FYI. A summary of the Unicode Normalization issue by Addison Phillips.
Begin forwarded message:
From: "ext Phillips, Addison" <addi...@amazon.com>
Date: February 12, 2009 6:47:14 PM EST
Cc: "public-i18n-c...@w3.org" <public-i18n-c...@w3.org>
Subject: normalization issue summary for HCG
Archived-At: <http://www.w3.org/mid/
4d25f22093241741bc1d0eebc2dbb1da0181c82...@ex-sea5-d.ant.amazon.com>
All,
Recently, the I18N Core WG raised an issue with Selectors-API and
consequently with CSS Selectors related to Unicode Normalization.
This note is an attempt to summarize the issue and its attendant
history at W3C, as well as to explain the current I18N Core
approach to this topic. I am bringing this issue to HTML-CG so that
all the affected WGs can be aware of the debate. I realize that
this email is very lengthy, but I think it is necessary to fully
summarize the issue. Some have wondered about what, exactly, "those
I18N guys want from us" and I think it is important to provide a
clear position.
At present, I don't have a fixed WG position, since the I18N WG is
carefully reviewing its stance. However, this is an issue of
sufficient importance and potential impact, that we felt it
important to reach out to the broader community now. A summary
follows:
---
First, some background about Unicode:
Unicode encodes a number of compatibility characters whose purpose
is to enable interchange with legacy encodings and systems. In
addition, Unicode uses characters called "combining marks" in a
number of scripts to compose glyphs (visual textual units) that
have more than one logical "piece" to them. Both of these cases
mean that the same semantically identical "character" can be
encoded by more than one Unicode character sequence.
A trivial example would be the character 'é' (a latin small letter
'e' with an acute accent). It can be encoded as U+00E9 or as the
sequence U+0065 U+0301. Unicode defines a concept called 'canonical
equivalence' in which two strings may be said to be equal
semantically even if they do not use the same Unicode code points
(characters) in the same order to encode the text. It also defines
a canonical decomposition and several normalization forms so that
software can transform any canonically equivalent strings into the
same code point sequences for comparison and processing purposes.
Unicode also defines an additional level of decomposition, called
'compatibility decomposition', for which additional normalization
forms exist. Many compatibility characters, unsurprisingly, have
compatibility decompositions. However, characters that share a
compatibility decomposition are not considered canonically
equivalent. An example of this is the character U+2460 (CIRCLED
DIGIT ONE). It has a compatibility decomposition to U+0031 (the
digit '1'), but it is not considered canonically equivalent to the
number '1' in a string of text.
For the purposes of this document, we are discussing only canonical
equivalence and canonical decompositions.

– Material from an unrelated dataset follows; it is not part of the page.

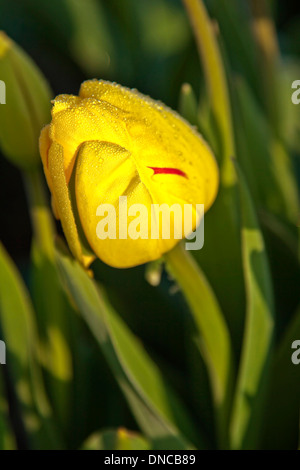 Frühling in den Niederlanden: Wassertropfen auf eine gelbe Tulpe, Noordwijk, Südholland. Stockfoto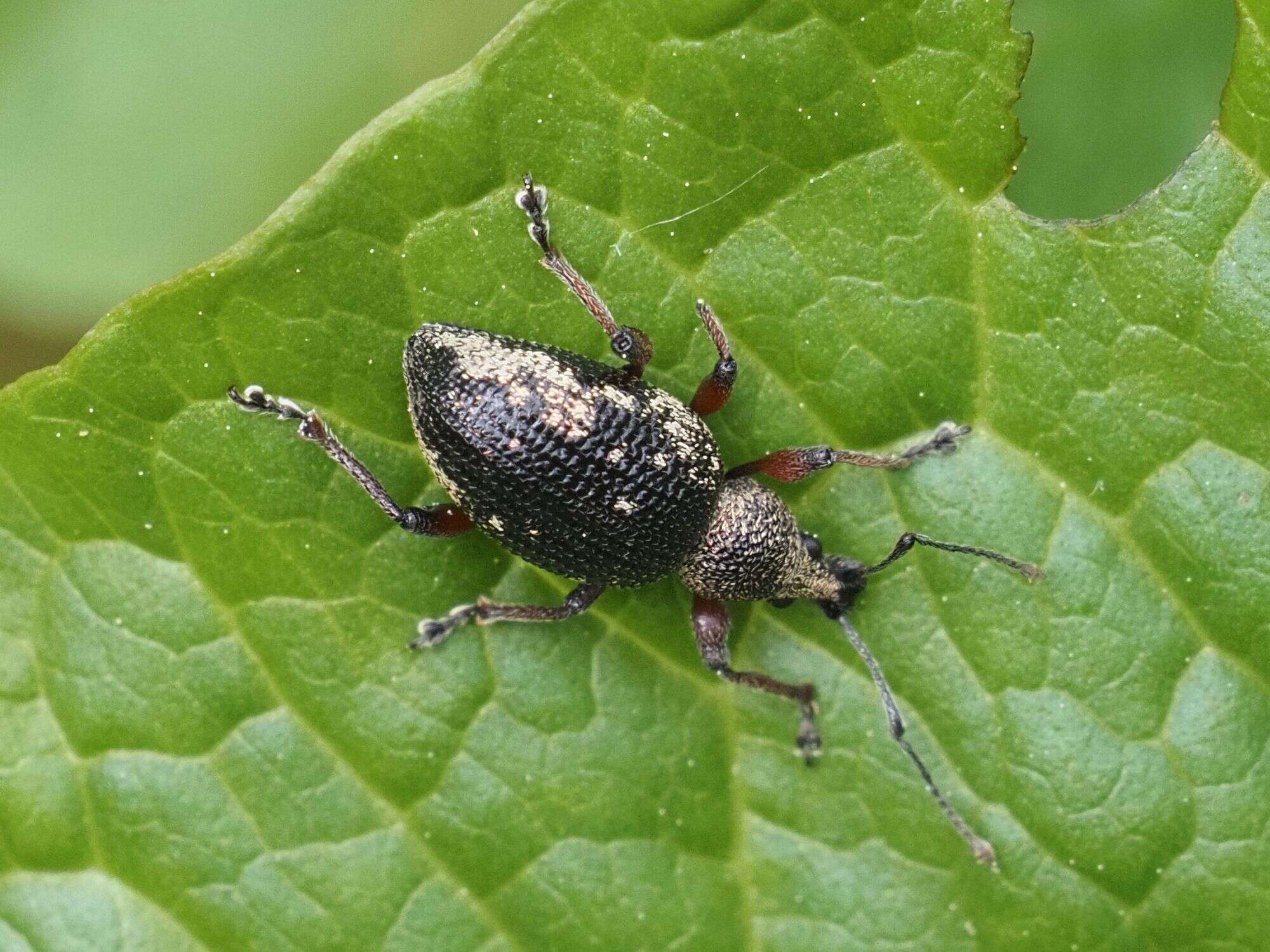 Imagem de Otiorhynchus (Majetnecus) lepidopterus (Fabricius 1794)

Unicode has two particular rules about the handling of canonical
equivalence that concern us here: C6 and C7. C6 says that
implementations shall not assume that two canonically equivalent
sequences are distinct [there exist reasons why one might not
conform to C6]. C7 says that *any* process may replace a character
sequence with its canonically equivalent sequence.
Normalization @ W3C:
Which brings us to XML, HTML, CSS, and so forth. I will use XML as
the main example here, since it is the REC that most directly
addresses these issues. The other standards mainly ignore the issue
(they don't require normalization, but they mostly don't address it
either).
XML, like many other W3C RECs, uses the Universal Character Set
(Unicode) as one of its basic foundations. An XML document, in
fact, is a sequence of Unicode code points, even though the actual
bits and bytes of a serialized XML file might use some other
character encoding. Processing is always specified in terms of
Unicode code points (logical characters). Like other W3C RECs, XML
says nothing about canonical equivalence in Unicode. There exist
recommendations to avoid compatibility characters (which includes
some canonical equivalences) and 'Name' prevents starting the
various named tokens with certain characters which include
combining marks.
Most implementations of XML assume that distinct code point
sequences are actually distinct, which is not in keeping with
Unicode C6 [1]. That is, if I define one element <!ELEMENT é
EMPTY> and another element <!ELEMENT é EMPTY>, they are
usually considered to be separate elements, even though both define
an element that looks like <é/> in a document and even though any
text process is allowed to convert one sequence into the other--
according to Unicode. For that matter, a transcoder might produce
either of those sequences when converting a file from a non-Unicode
legacy encoding.
One might think that this would be a serious problem. However, most
software systems consistently use a single Unicode representation
to represent most languages/scripts, even though multiple
representations are theoretically possible in Unicode. This form is
typically very similar to Unicode Normalization Form C (or "NFC"),
in which as many combining marks as possible are combined with base
characters to form a single code point (NFC also specifies the
order in which combining marks that cannot be combined appear; no
Unicode normalization form guarantees that *no* combining marks
will appear, as some languages cannot be encoded at all except via
the use of combining characters). As a result, few users encounter
issues with Unicode canonical equivalence.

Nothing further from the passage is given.